FX Trading focus: Dollar down, but may not stay down for long.
The US dollar has tumbled since yesterday, mostly on the drop in longer US treasury yields, with the move lower in yields and the US dollar persisting in today’s European session as yields continue to run lower. The US 10-year treasury yield benchmark is already back near the 4.00% level that was important on the way up. Key technical levels have fallen in most important USD pairs, including the parity level in EURUSD, the 1.1500 level in GBPUSD, and the 0.6400 area in AUDUSD. USDJPY is also under pressure, trading below 147.00 as of this writing, with the next important level up at 145.00, a level I have a hard time seeing falling unless US treasury yields drop well below that 4.00% mark.
The proximate trigger for the move yesterday, judging from its timing, was arguably the release of the August S&P CoreLogic Home price data, which showed the 20-city index dropping -1.32% MoM, far more than the -0.8% expected and with the July data revised some 25 bps lower to -0.69%. Given that 15 months ago, US mortgage rates were still only 10 basis points above record lows and then rose to more than 20-year highs by late September, we can expect a further brutal correction in housing prices. Less noticed was the ugly drop in the US October Consumer Confidence survey, where the present situation index fell sharply and to a new 18-month low. This survey correlates tightly with the jobs market.
As we discussed on this morning’s Saxo Market Call podcast, a few “events” and signals have encouraged a conspiracy theory that the Biden Administration is doing all it can to tilt the odds going into the US mid-term elections, with the Fed helping by wanting to avoid attention entirely. The most important for the US dollar and US yields in the near term would be the idea that the Fed doesn’t want to make any further waves for the moment and would prefer to fly under the radar at next Wednesday’s FOMC meeting. It probably would want to wax a bit less hawkish soon anyway, given that expectations for the Fed Funds rate had reached the psychologically significant 5.00% level recently. The WSJ article at the weekend from “Fed whisperer” Nick Timiraos added some fuel to this narrative. As well, US Treasury Secretary Yellen expressed interest earlier this week in carrying out treasury “buybacks”, supposedly to improve market liquidity after consulting with primary dealers. Such buybacks make some sense, given that the Treasury can reduce the nominal national debt burden by retiring low-coupon debt trading at a significant discount to par and then refinancing at higher rates. Then again, it’s just a shuffle beyond the very short term, as issuance would simply have to increase by the same amount down the road as committed to such buybacks now.

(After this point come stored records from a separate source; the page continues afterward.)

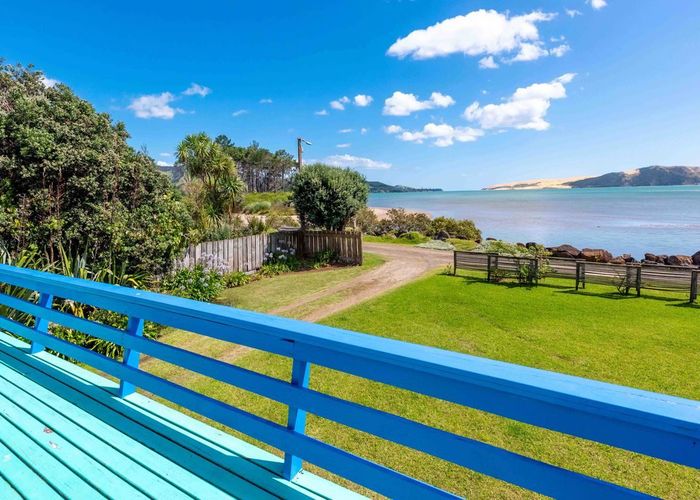  at 24 Koutu Beach Road, Opononi, Far North, Northland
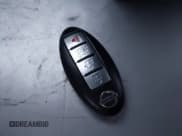 ✅ 2012 Nissan Armada SV • VIN: 5N1AA0ND6CN612039 • Lot: 43732861. Listed on IAAI with 185,079 mi. Free auction sales archive from the USA and detailed vehicle history report at DreamBid. Image 11.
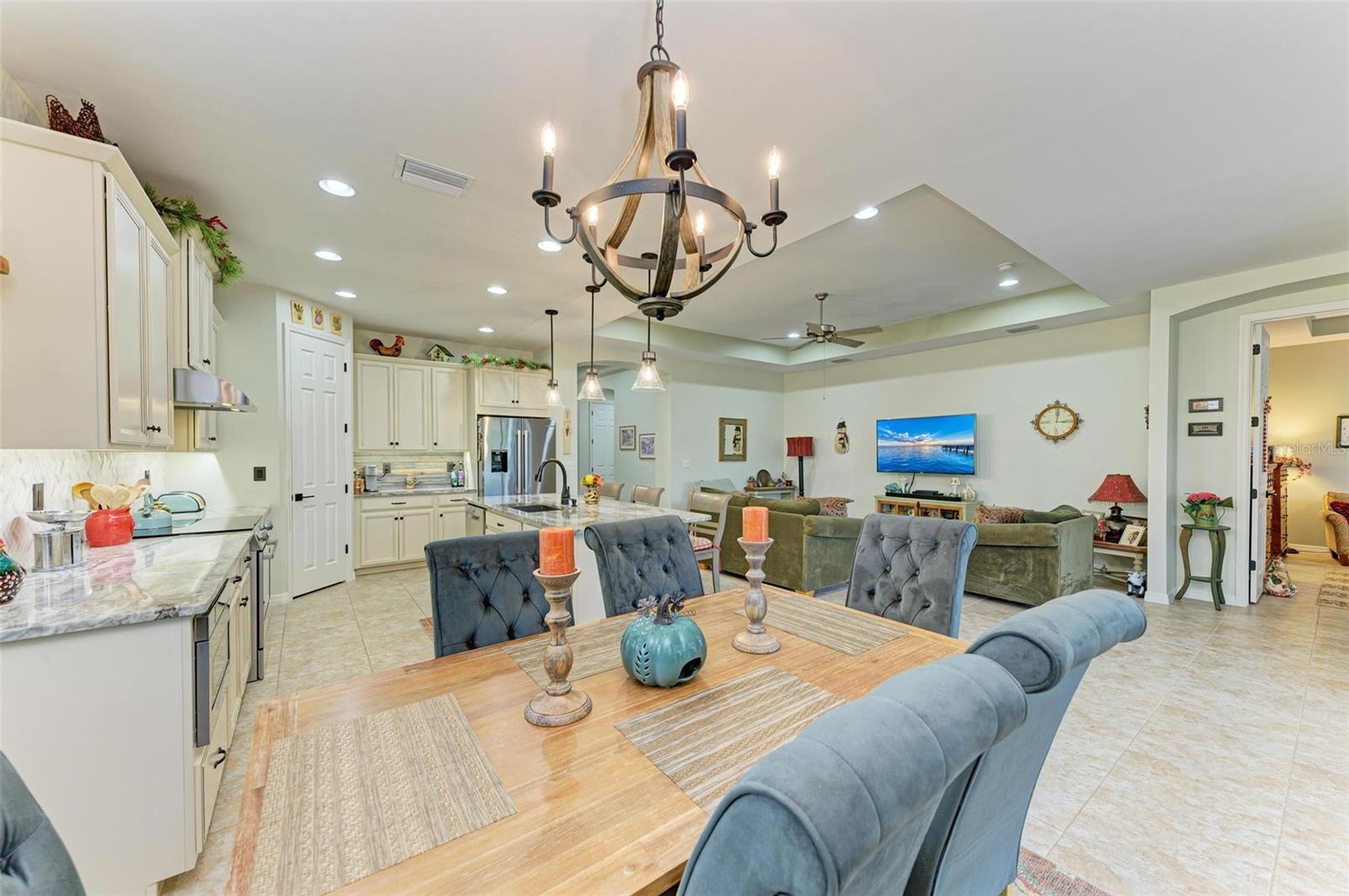 19218 SEA TROUT CT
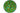 H5332L_1 (2021-12-11 09:56:18)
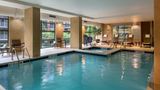 Hilton Garden Inn DC/U.S. Capitol Pool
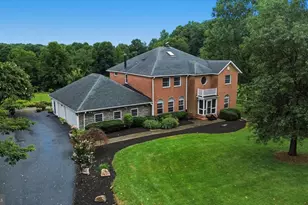 2545 Mullinix Mill Rd, Mount Airy, MD 21771 - Photo 1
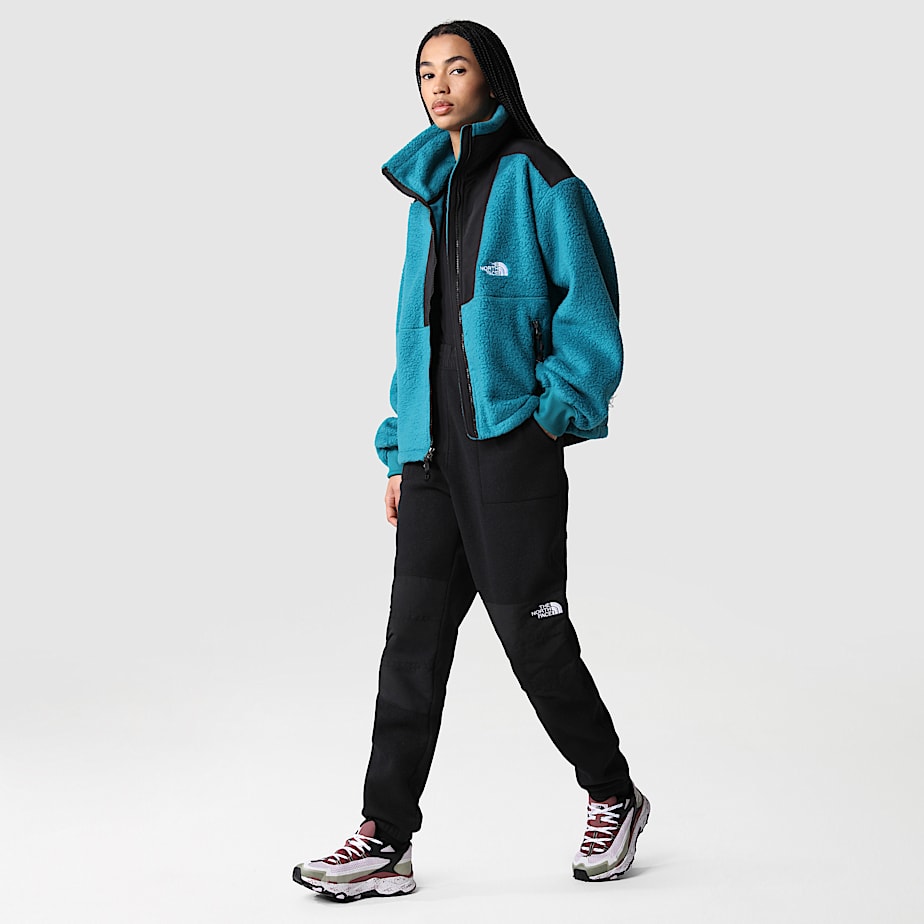 The north face denali pant hotsell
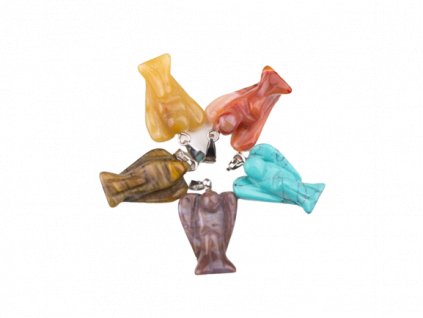 12591 removebg preview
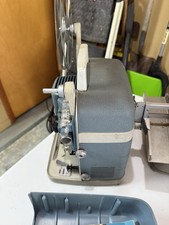 Proiettore bell howell usato  Spedire a Italy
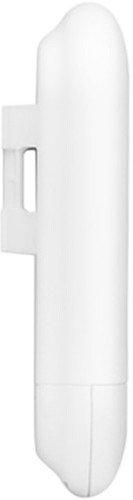 Точка доступа Ubiquiti Nanostation 5AC Loco (NS-5ACL) - фото 4 Точка доступа Ubiquiti Nanostation 5AC Loco (NS-5ACL) - фото 4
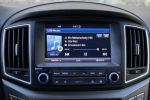 Hyundai H1 2019 na predaj – fotografia 13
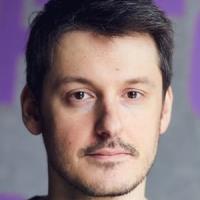 Ilya Naishuller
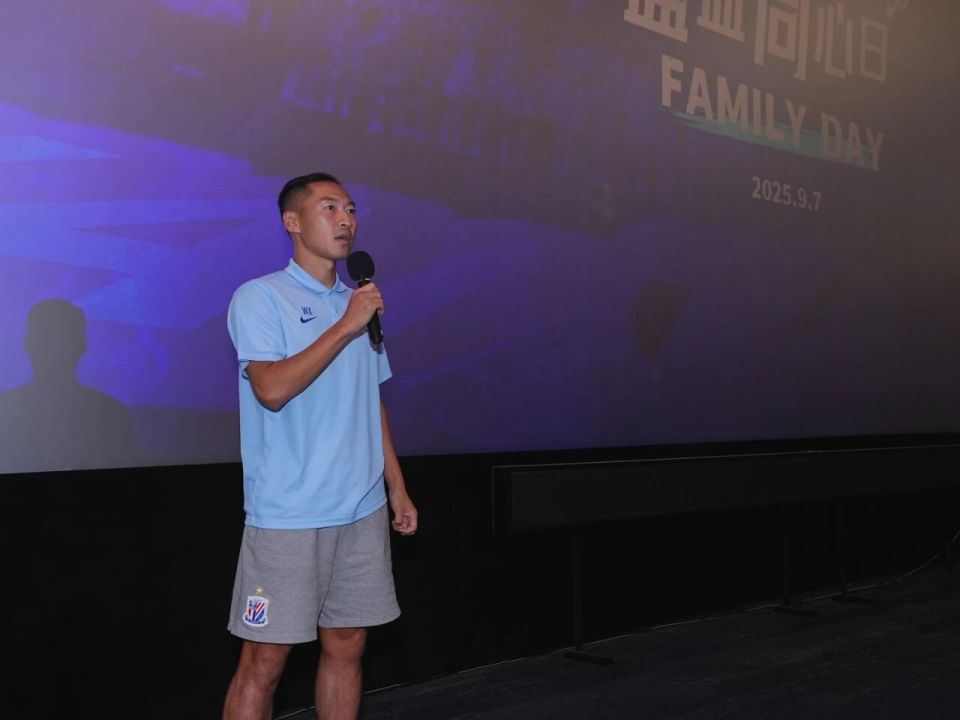 itkw, OhLXW, 武汉三镇的 itkw, OhLXW, 武汉三镇的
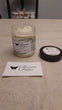 Shea & Coconut Body Butter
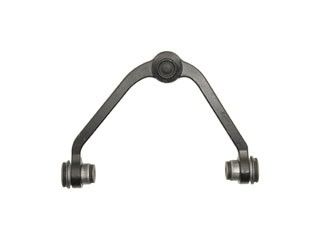 1998-2002 Lincoln Navigator Suspension Control Arm and Ball Joint Assembly - Front Right Upper (Dorman)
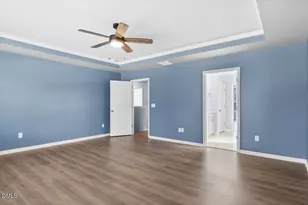 2409 Water Front Dr, Willow Springs, NC 27592 - Photo 31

So – how long can the squeeze on USD longs stretch? Arguably, at current levels, the market has front-run a bit of a dovish shift in the Fed at next Wednesday’s FOMC meeting, so that will be the next key test, with the immediate test in tactical, price action terms around the levels noted above in key USD pairs that were taken out yesterday and this morning. The window of the next two weeks (through the tabulation of the mid-term results after the Tuesday, November 8 election) is an important test of the secular USD trend, to be sure.
EURUSD surged above the local resistance briefly already on Monday, but followed through with more force yesterday after the release of the latest house price data in the US, with the parity level falling this morning in European trading. That level was pivotal, as is easily visible on the chart, but ahead of it, the extremely well defined and persistent falling trend channel was already broken. If the move holds, the next obvious focus is on the pivot high near 1.0200, with an even more significant level up at 1.0350. Sentiment has brightened in Europe as the pressure on gas and power prices has eased tremendously in the wake of panic topping up of gas storage facilities just as fresh LNG ships have arrived with nowhere to put the gas in the face of extremely balmy weather across much of Europe. But forward prices know that Europe’s energy woes are far from solves. Also, let’s not forget we have an ECB meeting tomorrow, where the ECB may struggle to stay credibly hawkish beyond the expected 75 basis point hike, with longer term credibility issues around its QT plans and how it avoids “fragmentation” on weaker peripheral bond markets. But EURUSD bears would need a sharp reversal back through 0.9900 to suggest that this move has been a false dawn.